18. In the 8th, 9th or 10th case, there can be no annulment of the marriage on the ground of fraud.
19. The conclusion is that: (1) fraud within the meaning of Section 12(1)(c) of the Act means either (a) deception as to the identity of the other party to the marriage, or (b) deception as to the nature of the ceremonies being performed. (2) where consent is given with the intention to marry the other party and with the knowledge that what is being solemnized is marriage, an objection to the validity of the marriage on the ground of any fraudulent misrepresentation or concealment is not tenable.
20. Judged by these tests in the present case, mere concealment of the fact that the appellant had been once married to another woman, cannot be a ground forannulment of the marriage, because it cannot be said that Smt. Deepabai's consent was caused by fraud within the meaning of Section 12(1)(c) of the Act. It is different that the marriage will be declared a nullity if a spouse was living at the time of the marriage.

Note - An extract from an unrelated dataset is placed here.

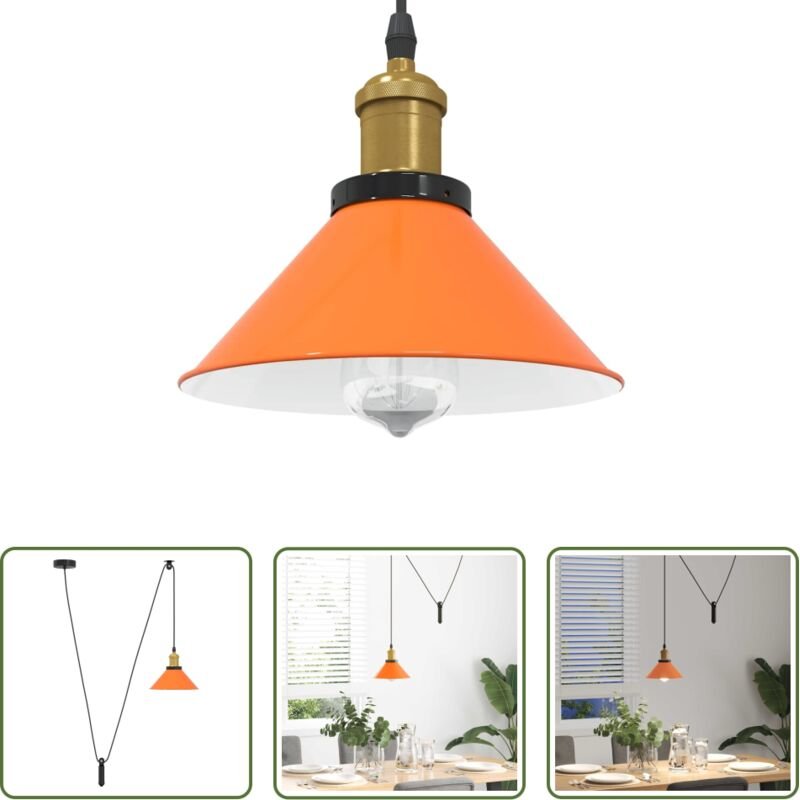 Vintage-Design - Pendelleuchte Höhenverstellbar E27 Orange Glänzend Ø22cm Metall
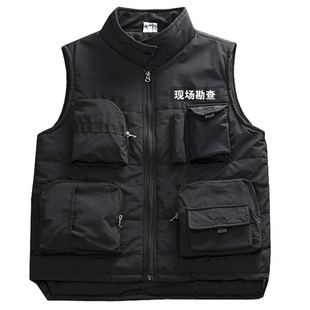 秋冬款中国制造加棉加绒马甲多口袋背心出勤工装团队定制坎肩外套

21. Adverting now to the declaration of the marriage as null and void under Section 11 of the Act, the appellant's contention is that Kewalibai had already remarried another person and had children by him, so that the marriage could not be said to be subsisting on the date of the appellant's marriage with Deepabai. It has been found on evidence, the credibility of which is not in dispute that Kewalibai, (daughter of Indrawati) (C. W. 1) and her deceased husband. Kashinath, had been married to Rajaram somewhere in the year 1957. Deepabai was married to Rajaram in the year 1964. It is also proved that Kewalibai had left Rajaram several years earlier and later on produced some children by any man but not Rajaram. The question is whether the marriage between Rajaram and Kewalibai stood dissolved on November 25. 1964, when Deepabai was married to him. The date is crucial. There is no positive evidence produced by the appellant how and when the marriage between him and Kewalibai was dissolved. Learned counsel for the appellant argues that a presumption must be made that she was remarried to another man because of the fact that she has produced some children after she left Rajaram. He relies on Rewaram v. Ramratan, AIR 1963 Madh. Pra 160.

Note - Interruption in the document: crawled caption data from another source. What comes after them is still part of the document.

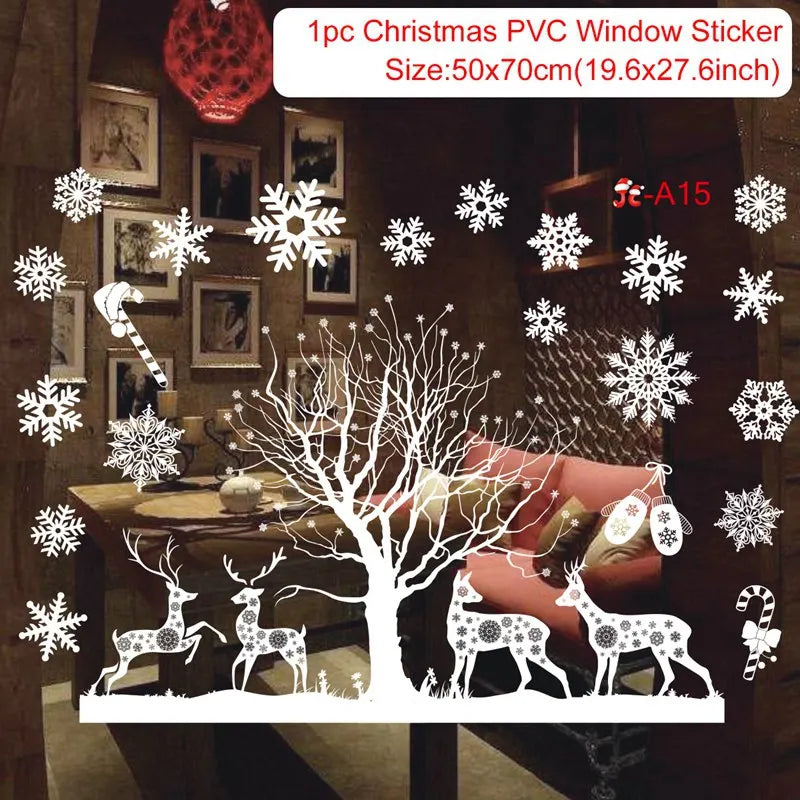 Christmas Wall Window Stickers Marry Christmas Decoration For Home 2026 Christmas Ornaments Xmas Navidad Gift New Year 2026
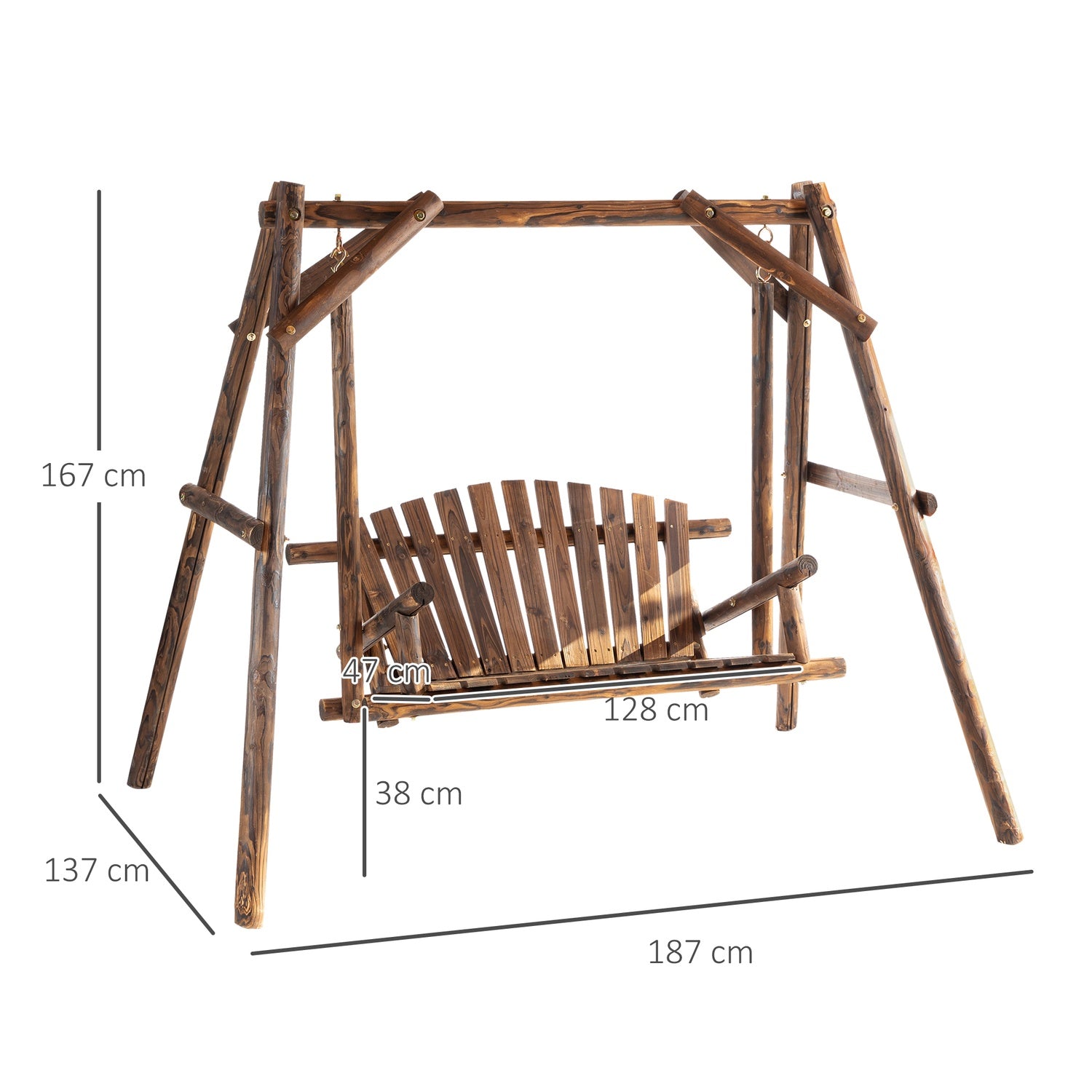 Trädgårdssvingbänk 2-sits, naturlig finish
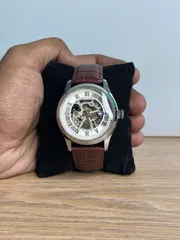 Tommy Hilfiger Skeleton Exposed Automatic Brown Leather - White Dial_img_0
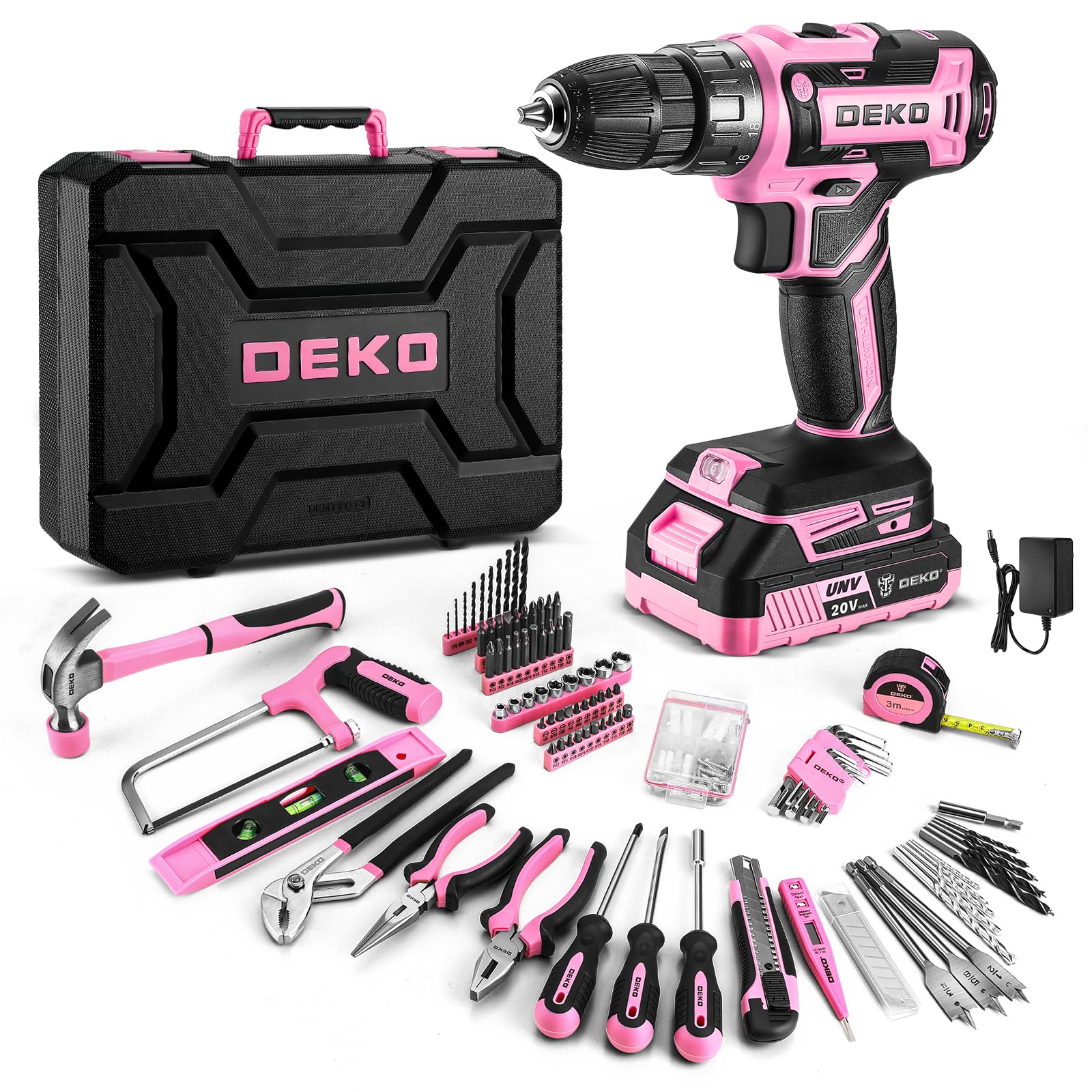 DEKOPRO pink drill front view showing compact design and portability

22. It is clear law that long cohabitation between a man and a woman raises a strong presumption of marriage, particularly when children are born and such children are treated by the community as those of the man. In such a case, if the woman had been married previously to another man the previous marriage can be taken as dissolved provided it is permitted by caste custom. Such presumption is raised when there is positive evidence that the woman has been continuously cohabiting with the particular man.

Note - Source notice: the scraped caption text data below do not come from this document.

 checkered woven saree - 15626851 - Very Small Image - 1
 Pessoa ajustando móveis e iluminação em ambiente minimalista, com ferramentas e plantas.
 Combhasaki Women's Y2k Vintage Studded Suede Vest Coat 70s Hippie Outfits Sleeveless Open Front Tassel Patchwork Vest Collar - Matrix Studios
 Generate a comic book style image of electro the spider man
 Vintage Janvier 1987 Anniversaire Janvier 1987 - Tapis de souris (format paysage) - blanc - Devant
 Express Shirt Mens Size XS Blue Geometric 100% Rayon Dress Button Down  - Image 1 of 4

23. In the present case there is no positive evidence of a long and continuous cohabitation of Kewalibai with a particular man after she left Rajaram. Even Indrawati does not name any particular man. She merely states that Kewalibai was given to another man. 'Dusari Jagah Baitha Diya.' She also states that later on a few children have been born to Kewalibai. The date or the period of the commencement of cohabitation with another, man is not proved. Therefore,from her evidence , which is vague and indefinite, it cannot be said to be proved that the marriage between Rajaram and Kewalibai stood dissolved on or before November 25, 1964, on which date Deepabai was married to Rajaram. All that can be concluded is that because of long cohabitation between Kewalibai and another person, by whom she has produced children what can be said today is that she is a legally married wife of the man by whom she has produced children. But there is no material to ascertain the date on which that other man and Kewalibai commenced cohabitation, so that they could be presumed to have become husband and wife from that date. In this view of the matter, the second contention must be rejected.
24. The appeal is dismissed. In the circumstances of the case, we direct that the parties shall bear their own costs in this Court as well as in the trial Court.